OHSU demonstrates not all embryonic stem cells equal; produces first primate chimeric offspring
In mice, either totipotent or pluripotent cells from two different animals can be combined to transform into an embryo that later becomes a chimeric animal. However, the current research demonstrated that for reasons yet unknown, chimeric animals can only develop from totipotent cells in a higher animal model: the rhesus macaque.
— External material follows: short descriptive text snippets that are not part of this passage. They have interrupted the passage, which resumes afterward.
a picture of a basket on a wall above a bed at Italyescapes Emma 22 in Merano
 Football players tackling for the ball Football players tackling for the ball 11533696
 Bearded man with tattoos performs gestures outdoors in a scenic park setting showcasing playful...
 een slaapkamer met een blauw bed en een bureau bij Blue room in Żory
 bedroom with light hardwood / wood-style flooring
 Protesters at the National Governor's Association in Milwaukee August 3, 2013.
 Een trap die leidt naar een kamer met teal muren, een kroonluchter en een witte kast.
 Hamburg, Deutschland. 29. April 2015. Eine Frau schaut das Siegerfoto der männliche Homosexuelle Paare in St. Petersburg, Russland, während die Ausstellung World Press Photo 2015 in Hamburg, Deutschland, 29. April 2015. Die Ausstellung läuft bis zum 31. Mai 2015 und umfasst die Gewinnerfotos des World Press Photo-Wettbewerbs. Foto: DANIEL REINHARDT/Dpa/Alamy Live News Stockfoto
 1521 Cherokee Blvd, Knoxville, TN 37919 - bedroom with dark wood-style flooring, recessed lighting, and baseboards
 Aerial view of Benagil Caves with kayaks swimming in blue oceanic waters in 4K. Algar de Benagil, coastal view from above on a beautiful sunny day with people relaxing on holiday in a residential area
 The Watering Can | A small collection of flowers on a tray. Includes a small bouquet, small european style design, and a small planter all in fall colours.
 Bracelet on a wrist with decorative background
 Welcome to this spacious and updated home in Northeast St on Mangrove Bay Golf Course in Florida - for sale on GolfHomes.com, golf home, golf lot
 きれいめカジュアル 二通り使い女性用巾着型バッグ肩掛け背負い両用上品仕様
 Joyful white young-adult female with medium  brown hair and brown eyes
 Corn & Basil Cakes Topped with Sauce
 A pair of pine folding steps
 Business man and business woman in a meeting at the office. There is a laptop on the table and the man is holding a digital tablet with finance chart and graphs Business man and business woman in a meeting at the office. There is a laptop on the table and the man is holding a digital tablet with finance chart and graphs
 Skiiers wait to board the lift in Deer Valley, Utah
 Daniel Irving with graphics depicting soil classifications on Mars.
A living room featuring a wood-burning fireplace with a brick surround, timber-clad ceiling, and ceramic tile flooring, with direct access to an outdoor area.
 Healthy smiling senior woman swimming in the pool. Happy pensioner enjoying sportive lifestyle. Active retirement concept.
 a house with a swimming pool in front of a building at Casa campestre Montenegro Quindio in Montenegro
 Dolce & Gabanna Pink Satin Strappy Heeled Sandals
OHSU showed this to be the case by successfully producing the world’s first primate chimeric offspring, three baby rhesus macaques named Roku, Hex and Chimero.
“This is an important development - not because anyone would develop human chimeras - but because it points out a key distinction between species and between different kind of stem cells that will impact our understanding of stem cells and their future potential in regenerative medicine,” explained Shoukhrat Mitalipov, Ph.D., an associate scientist in the Division of Reproductive and Developmental Sciences at ONPRC.
“Stem cell therapies hold great promise for replacing damaged nerve cells in those who have been paralyzed due to a spinal cord injury or for example, in replacing dopamine-producing cells in Parkinson’s patients who lose these brain cells resulting in disease. As we move stem cell therapies from the lab to clinics and from the mouse to humans, we need to understand what these cells do and what they can’t do and also how cell function can differ in species.”
The OHSU Oregon National Primate Research Center and the National Institutes of Health funded the research.